* **PROBLEM DESCRIPTION**: Transcribe the data exactly, omitting whatever pictures it holds.

[STORED DATA Boundary: Start]

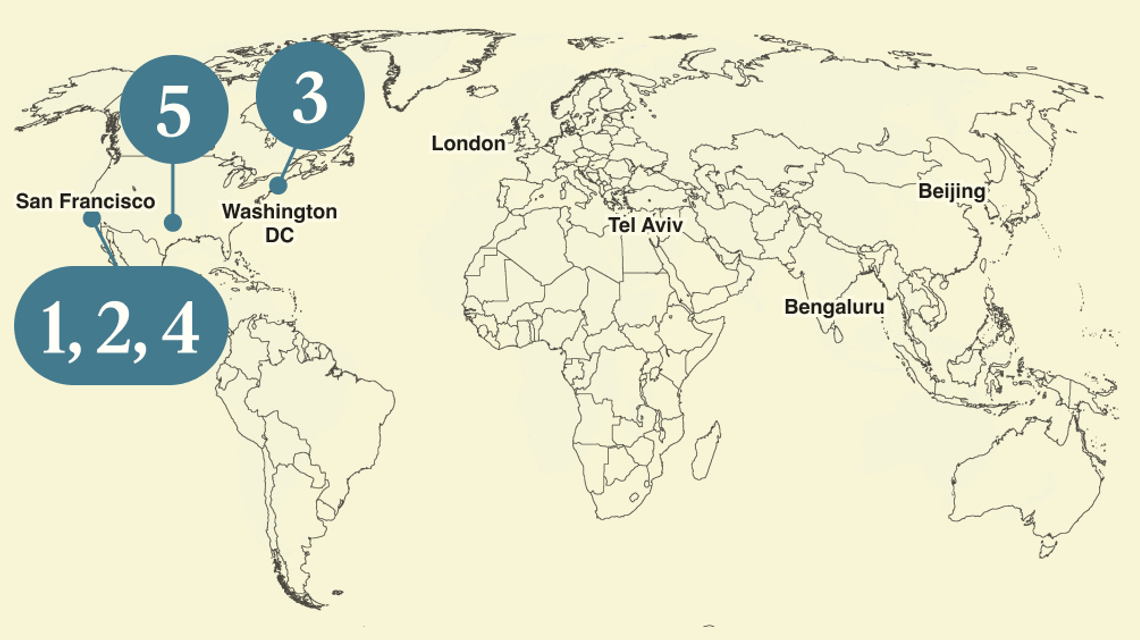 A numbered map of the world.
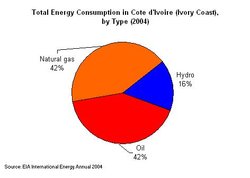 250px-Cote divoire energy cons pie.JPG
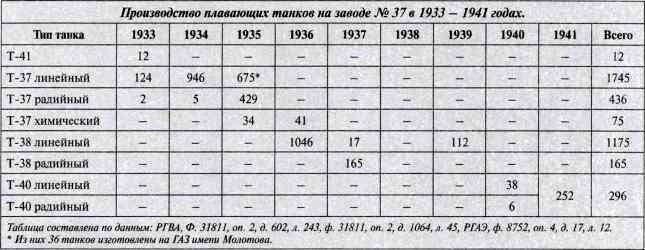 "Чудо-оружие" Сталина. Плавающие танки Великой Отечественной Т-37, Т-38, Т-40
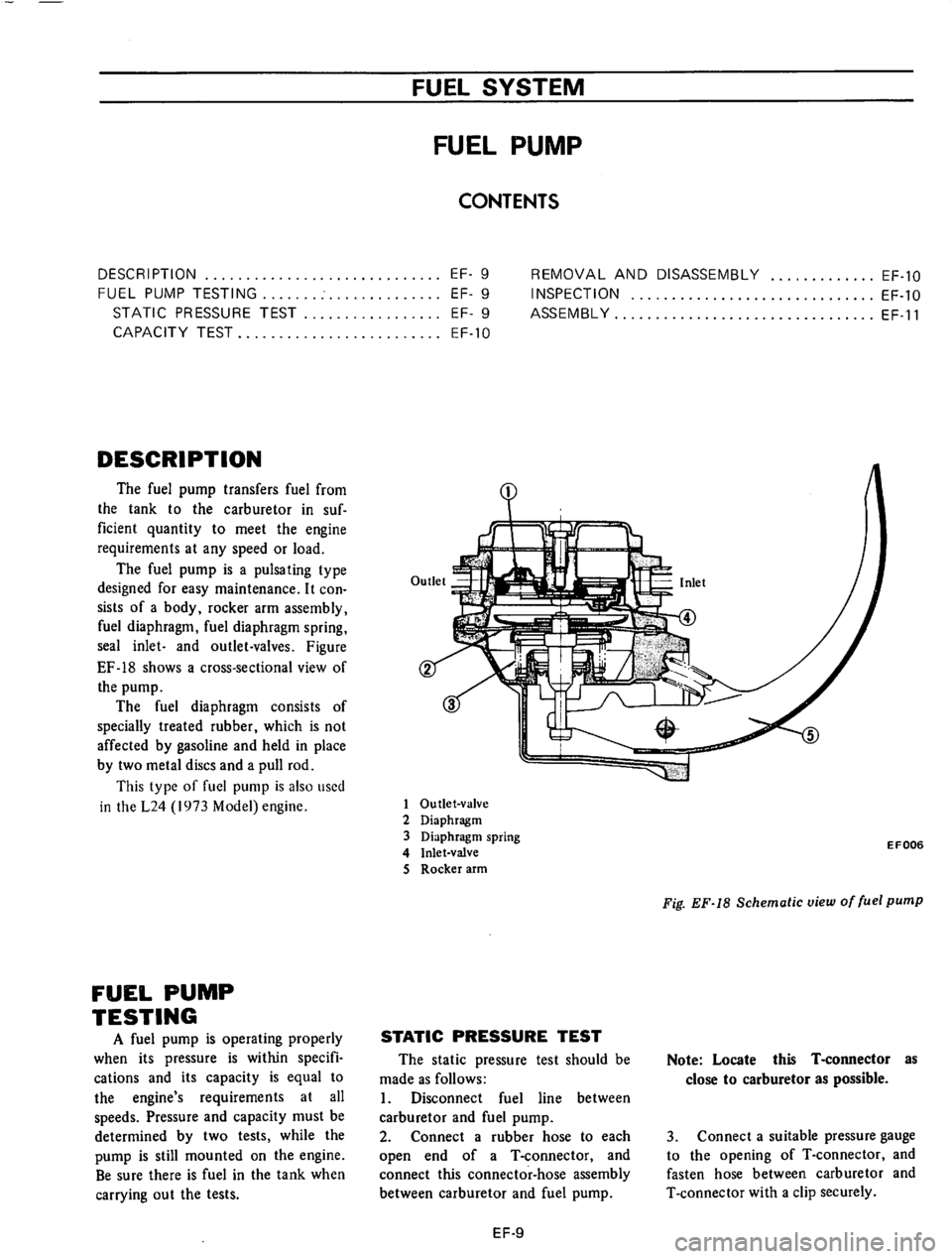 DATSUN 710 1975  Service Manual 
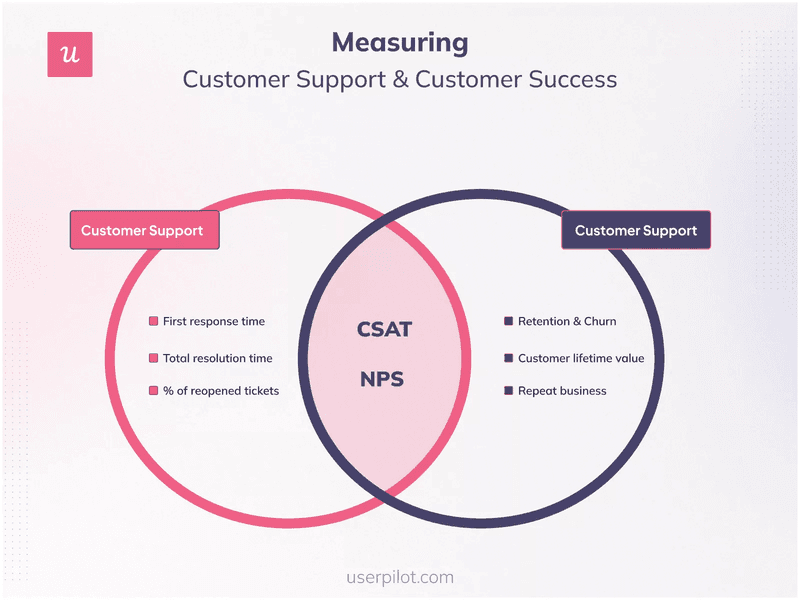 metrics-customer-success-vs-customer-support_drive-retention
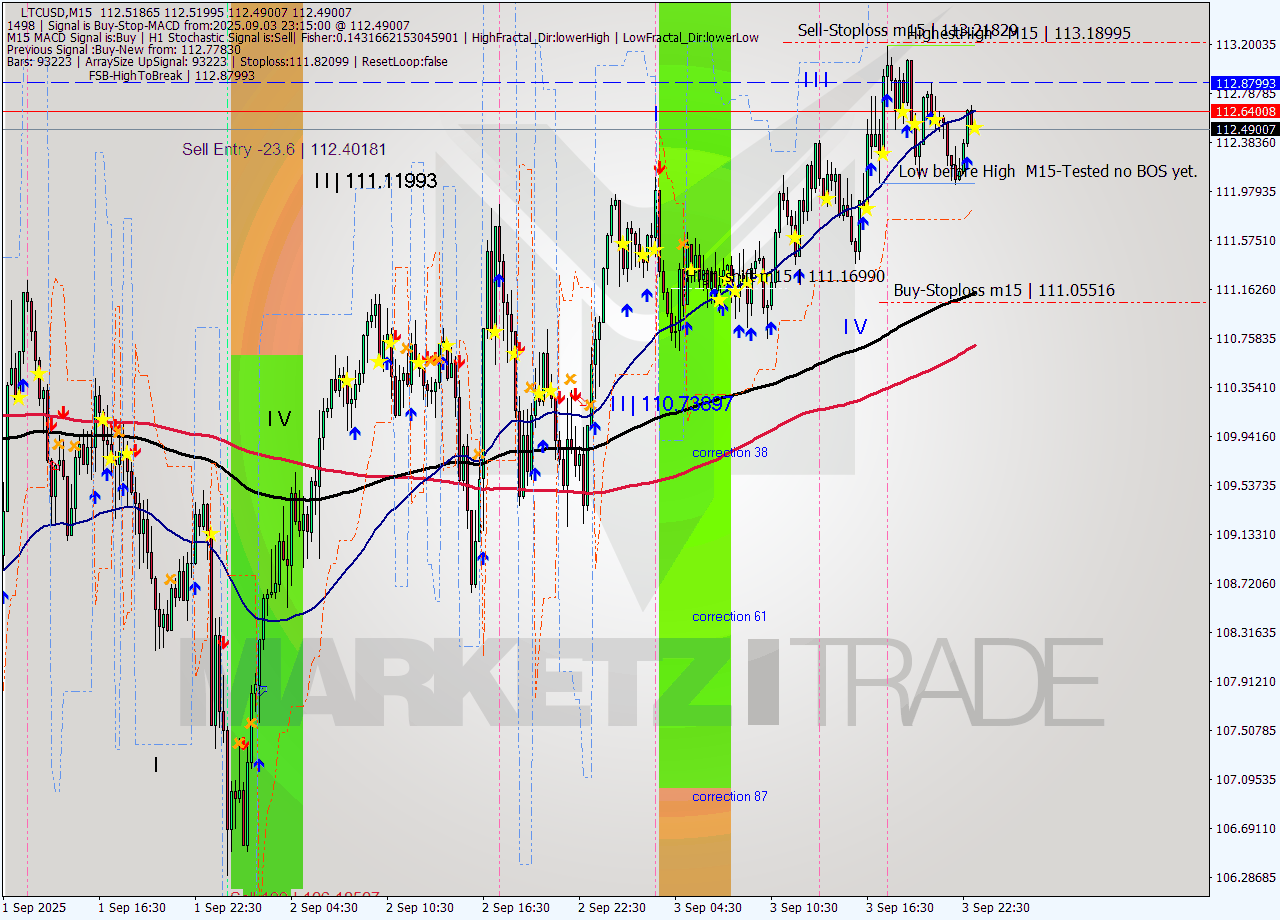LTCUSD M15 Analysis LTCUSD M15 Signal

[STORED DATA Boundary: End]

* **TASK OUTPUT**:
 A numbered map of the world.
 250px-Cote divoire energy cons pie.JPG
 "Чудо-оружие" Сталина. Плавающие танки Великой Отечественной Т-37, Т-38, Т-40
 DATSUN 710 1975  Service Manual 
 metrics-customer-success-vs-customer-support_drive-retention
LTCUSD M15 Analysis LTCUSD M15 Signal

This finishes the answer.